Vitamin D3 is linked to the absorption of calcium and also regulates phosphorus levels. Also, Vitamin D3 has connected to a robust immune system,and as a result, it is a highly effective way to avoid the flu or common cold. So where can we find it besides in the sun? Vitamin D3 is found in fish oils, fatty fish, salmon, and mushrooms and particular Portobello mushrooms, cheese,and eggs. Many pieces of bread, cereals,and dairy products are also fortified with D3 and some olive oils, check the labels.
Adding Chai seeds to your daily smoothies can optimise hydration,and a hydrated body is less likely to catch those nasty bugs. When we are well hydrated, our bodiescan transport nutrients around our bodies efficiently and ensure that bugs cannot quickly become established.
At this busy time of year, it can be tempting to shortchange our systems of the sleep we need, ensure you get the rest your body needs to recharge after a festive filled day!
Fighting against flue can be the worst nightmare,but I found the best recipe for a smoothie that can help you to fight the flue without any worry.
Immune Booster Smoothie
In your juicer:
1/2 pineapple – skins
1/2 bag kale
a chunk of ginger root
Then pour into a blender
1/2 an avocado
10 strawberries (or berries of your choice)

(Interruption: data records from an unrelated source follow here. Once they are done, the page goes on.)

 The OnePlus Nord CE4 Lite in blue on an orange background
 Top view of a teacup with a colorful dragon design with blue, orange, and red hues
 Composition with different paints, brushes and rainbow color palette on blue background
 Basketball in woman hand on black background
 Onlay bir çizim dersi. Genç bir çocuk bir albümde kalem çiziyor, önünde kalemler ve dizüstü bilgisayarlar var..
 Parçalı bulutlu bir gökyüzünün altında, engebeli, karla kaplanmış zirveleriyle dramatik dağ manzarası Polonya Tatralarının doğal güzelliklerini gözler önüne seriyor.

Blend in your smoothie maker and enjoy!
To increase your Vitamin B3 levels why not try a Portobello mushroom burger with some spice homemade salsa and guacamole?

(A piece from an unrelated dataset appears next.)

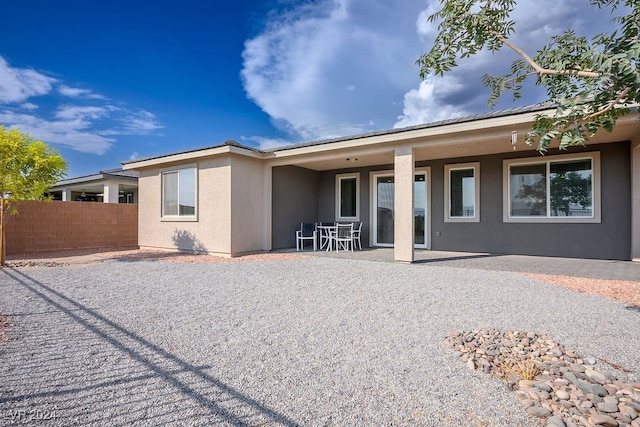 back of property featuring a patio area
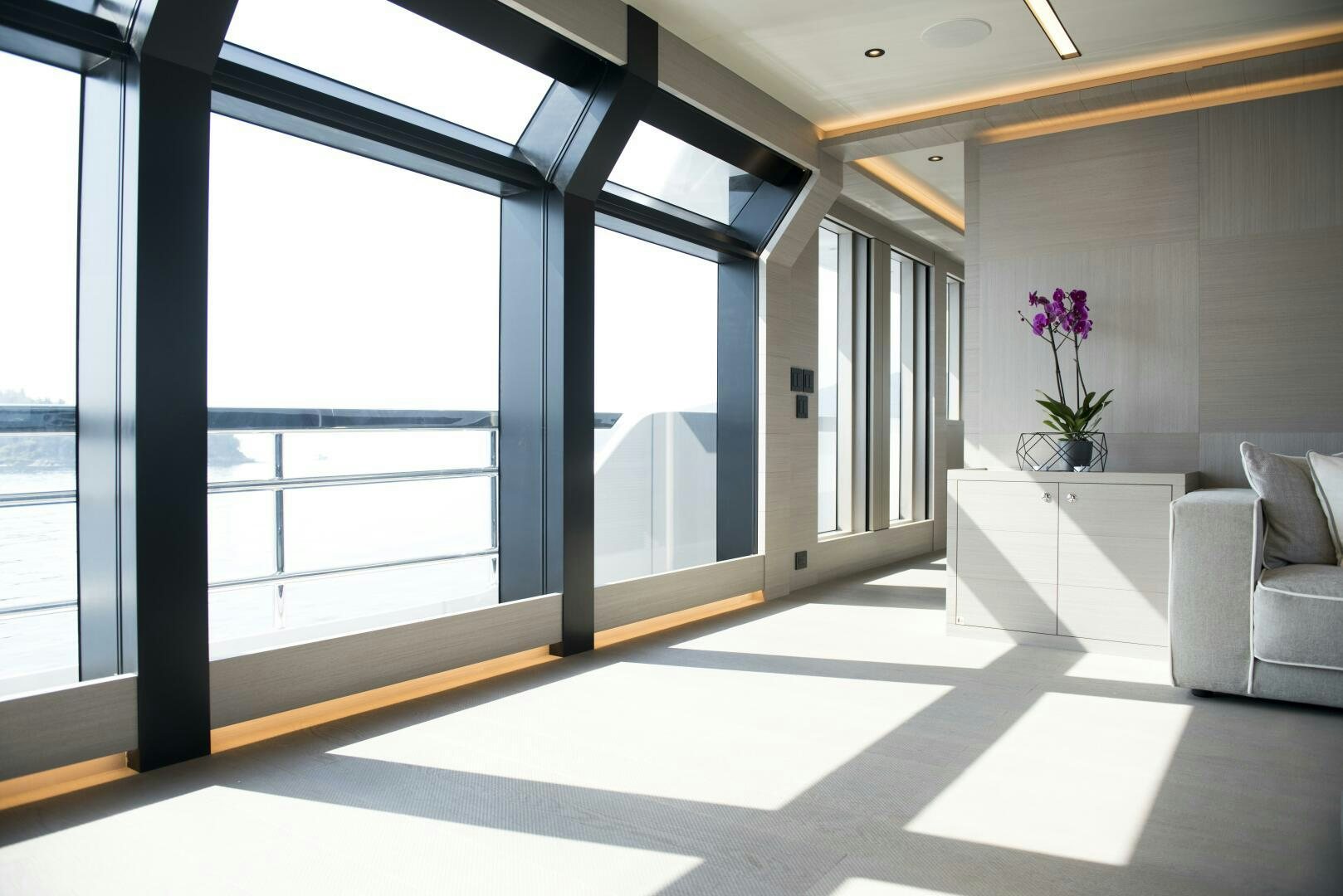 a room with a large window and a couch aboard PICCOLO Yacht for Sale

-finely chopped tomatoes, white onion, fresh coriander tossed with fresh red chilli, olive oil, sea salt and cracked pepper.
blender 3-4 avocados with olive oil, lemons, coriander, tomatoes, sea salt and cracked pepper
Grill your portabello mushrooms in a little coconut oil and toast a bun of choice before building a yummy nutrient-rich meal.
Above mentioned recipes will increase your immune system and will help you to recover from flu etc quickly.